Rookie guitarist Mike Alvord cut his teeth with LA metallers Black Widow, whose main claim to fame was a spot on Metal Blade's Metal Massacre III comp with Slayer and Znowhite. "Kurt [Kilfelt, guitar] had Holy Terror ready to go by the time he moved down from Seattle to Los Angeles," says Alvord. "I wasn't the first choice—that was Juan Garcia. Juan wanted to stay with Agent Steel [Kilfelt's previous outfit], so Jack [Schwartz, drums, ex-Dark Angel] recommended me and we started jamming. I was going to college but I didn't want to be in school, I just wanted to play music. My expectations were pretty low—I was just along for the ride in the beginning—but I quickly saw promise and potential. Kurt had more direction than anybody I'd played with, and I was really intrigued by that. I joined the band in '85, and by '86 we had a demo and a record deal."

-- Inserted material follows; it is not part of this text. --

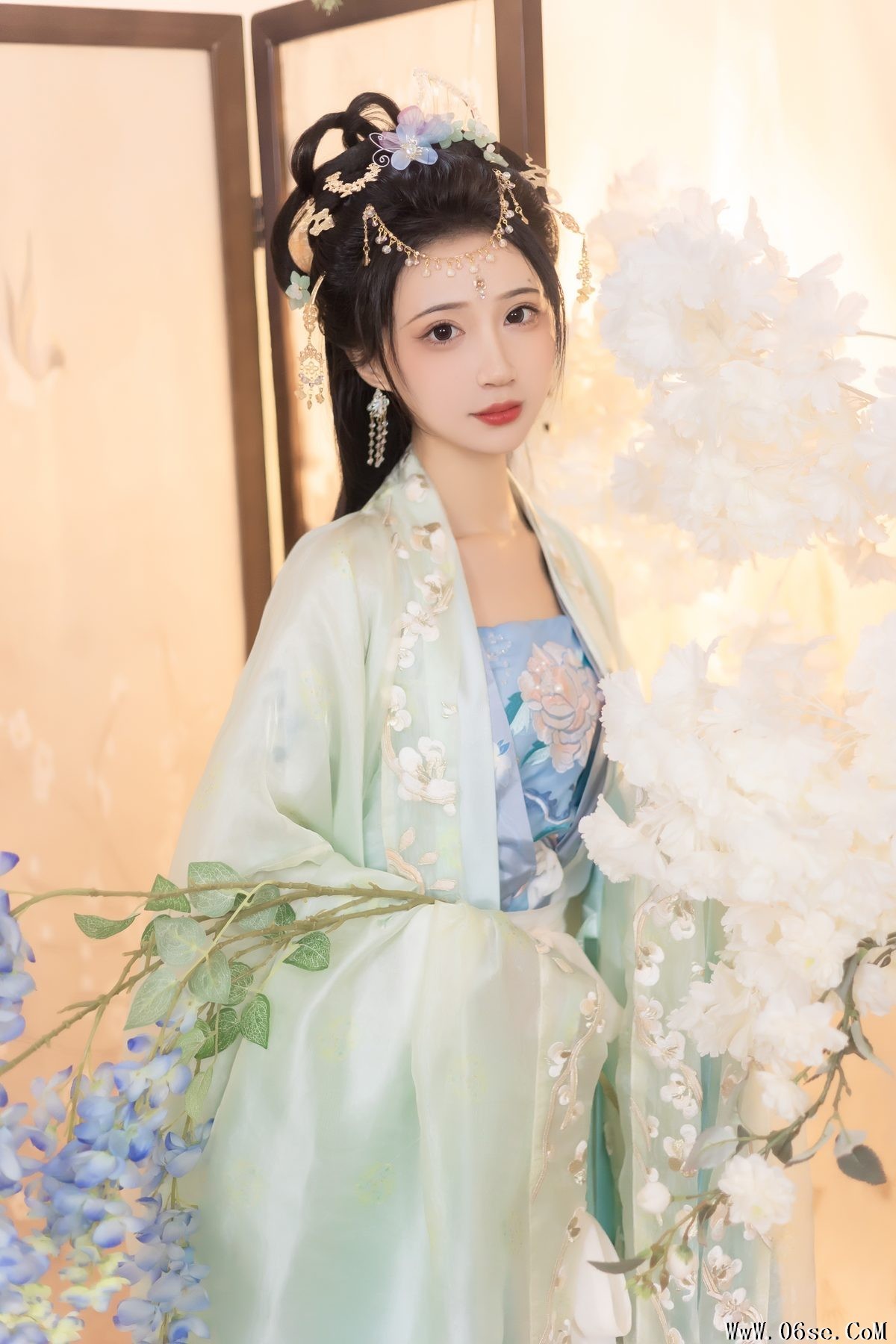 图片[22]-YiTuYu艺图语 Vol.3445 Qi Luo Sheng De Xiao Su Su[27P]-六色网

The progression was not without its hurdles. Alvord, the youngest member of the band by some stretch, initially felt sidelined. "I was pretty intimidated," he says. "While Jack was only a couple of years older than me, Kurt was in his mid-20s and Keith [Deen, vocals] and Floyd [Flanary, bass] were in their late-20s, so I felt like I had to prove myself. I felt like I didn't get a whole lot of respect, and I almost quit the band early on. We recorded the demo, and I came back to the studio a couple of days later to be told that Kurt had recorded over all my solos. So, being younger, being more immature, not wanting to admit that I wasn't up to par, I walked into the next rehearsal and said I was going to quit. Kurt convinced me to stay—he did it the right way and fed into my ego—by saying how much Holy Terror needed my rhythm playing."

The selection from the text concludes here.